A persistent claim about retiring early is that it favors a certain personality type. This rumor started over a decade ago with a survey comparing personality types with financial-management skills. It was an informal query, not a statistically significant study, and the data is self-reported by the (mostly anonymous) participants.

The Myers-Briggs Type Indicator claims that our personality types can be broken down into 16 different categories. The details of those categories are far beyond the scope of this post, but two of the types are introverts and extroverts.

Both terms have their own positive & negative connotations, but Myers-Briggs defines “introvert” as “inner-directed”. In this context an introvert tends to seek inward rather than outward. It doesn’t imply that they’re shy or antisocial, but rather that they’re comfortable with being alone. They may also be uncomfortable in large groups and could grow tired of the crowds more quickly than extroverts. Extroverts, of course, prefer the stimulation of crowds and thrive on group activities. Each personality type may have difficulty appreciating the other.

The MBTI test has been administered to millions of people over several decades but it’s still subject to controversy as a credible psychological tool. One problem is that it depends on self-reporting and its results can be skewed by a knowledgeable respondent. Another problem is that the results aren’t as highly reproducible as other tests– and people’s types tend to change over the years. A widely reported issue has been employer attempts to use the test results to classify workers into jobs. The test only explores a respondent’s preferences, not their abilities or skills, and it doesn’t predict career success.
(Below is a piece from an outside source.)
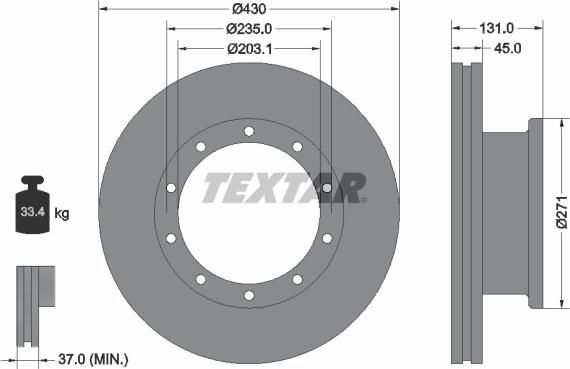 Textar 93086800 - Jarrulevy inparts.fi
Despite its detractors, the MBTI is enormously popular as a self-assessment tool. If the 16 different type categories were evenly distributed then each would account for about 6% of the population and no category would be considered exceptional. However, the U.S. population is unevenly distributed  and the characteristics of some personality types receive more media attention than others.

One claim of the early-retirement study  is that the world population is only 28% “I” while a survey of over six million Internet users averaged about 48% “I”. (I haven’t been able to confirm these results and the data is over a decade old, so it probably doesn’t reflect today’s Internet demographics. However, the claim is a believable stereotype!)  The early-retirement study also found that nearly 90% of the respondents were type “I”. A follow-up survey a few years later  was also heavily skewed toward “I” types.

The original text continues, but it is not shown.